Saturday, December 8, 2012

European Union panel to pressure Google on privacy rules

BERLIN -- European data protection officials are drafting plans to censure Google (GOOG) over its online privacy policy if the company does not eventually meet regulators' demands to revise it.

In a two-day closed-door meeting this week in Brussels of the European Union's 27 national data protection officials, the group mapped a preliminary strategy, including the possibility of testing Google's compliance with national privacy laws in countries like Ireland, Belgium and Finland, where the company operates data centers. That was the word from a person close to the discussions, who was not authorized to speak publicly.

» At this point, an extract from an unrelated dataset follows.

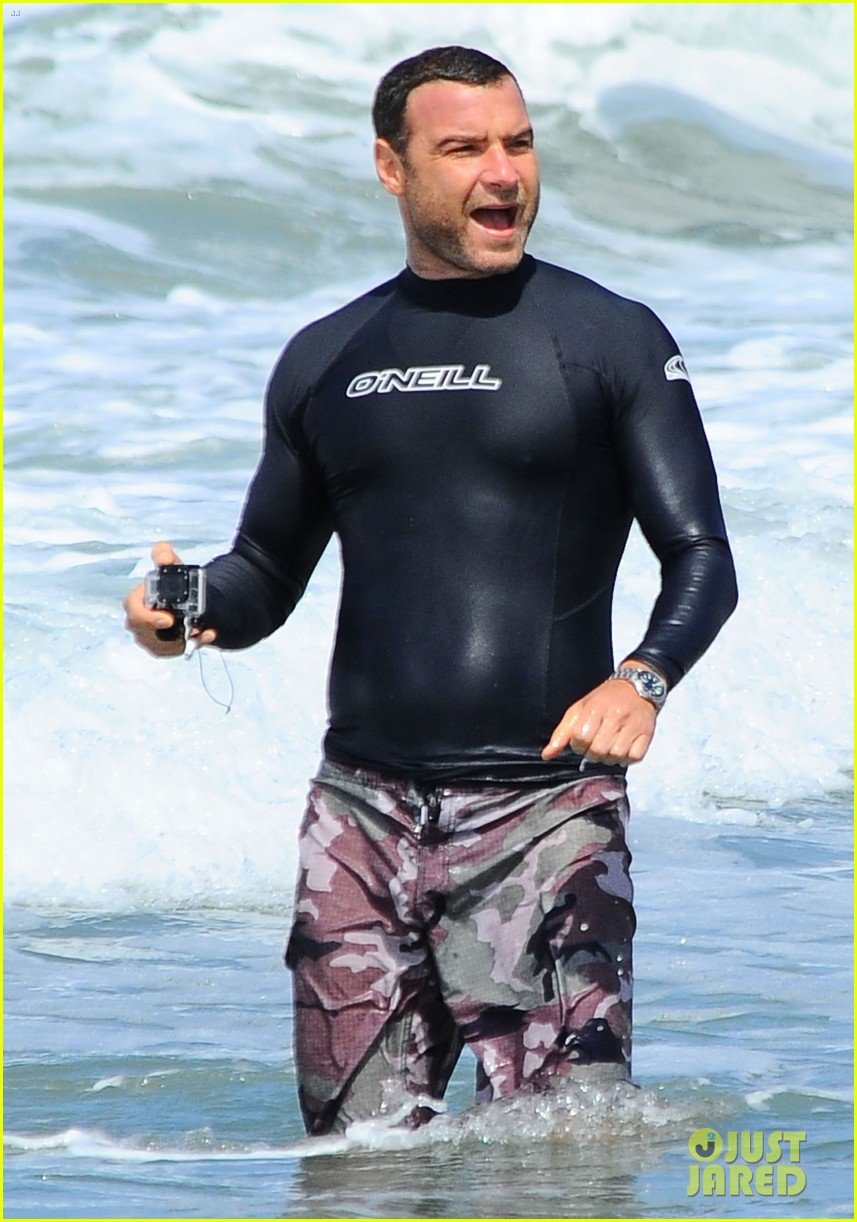 Liev Schreiber Goes Shirtless at the Beach on Father's Day! Photo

New guidelines that Google adopted this year for collecting information on individuals have come under sharp criticism in Europe.

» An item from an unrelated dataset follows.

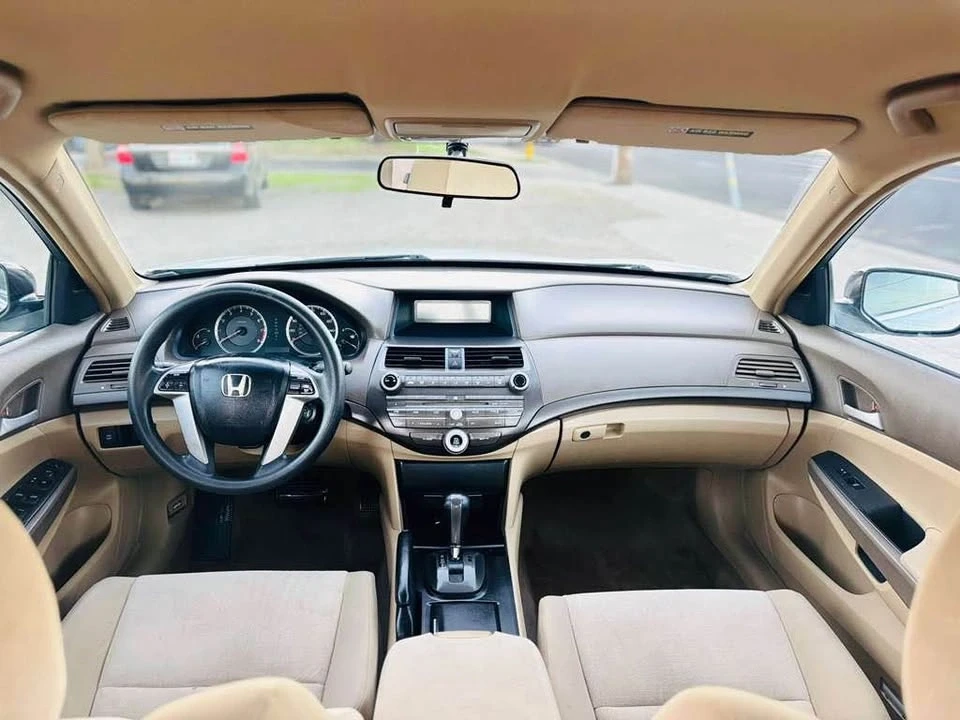 2010 Honda Civic 8th Gen - Image 11 of 15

In mid-October the French regulator, CNIL, which had been asked by the group to study the matter, released a report criticizing Google's privacy guidelines as allowing an "uncontrolled combination of data."

CNIL said the method of combining information from Google's search engine, YouTube, Google+ social network and other services "suggests the absence of any limit concerning the scope of collection and the potential uses of the personal data."

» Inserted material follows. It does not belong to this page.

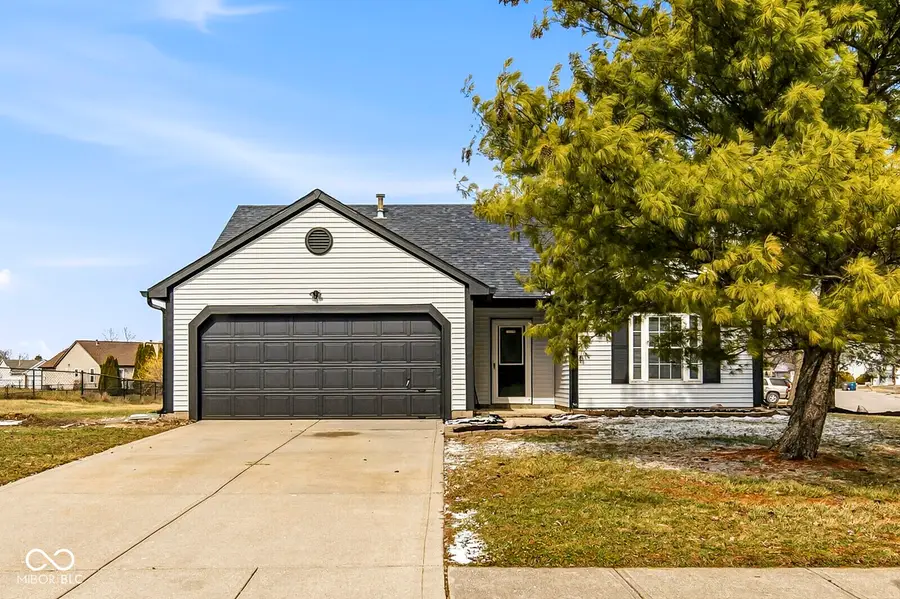 2350 Valley Creek Way, Indianapolis, IN 46229 - #2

When CNIL released its report, Google said it would study the analysis. But the company

also asserted that its method of handling consumer data was legal under European Union rules. So far the company, which also ran afoul of European regulators in 2010 for its collection of personal data from home Wi-Fi routers, has not responded formally to the CNIL report.

On Friday, a Google spokesman in Brussels, Alistair Verney, referred to the company's statement in October, which said Google was reviewing the French recommendations.

"Our new privacy policy demonstrates our longstanding commitment to protecting our users' information and creating great products," the Google statement said at the time. "We are confident that our privacy notices respect European law."

When CNIL presented its analysis in October, the chairwoman of the French regulator, Isabelle Falque-Pierrotin, gave the search engine "three to four months" -- roughly until mid-February -- to respond to its recommendations.

In general, European national regulators are limited to only a few hundred thousand euros in the privacy-violation fines they can assess against companies or individuals.

A proposed update to European Union data protection law would give regulators the ability to assess much larger fines of as much as 2 percent of a company's annual sales -- which based on Google's financial performance would equate to $760 million, based on 2011 revenue of $37.9 billion.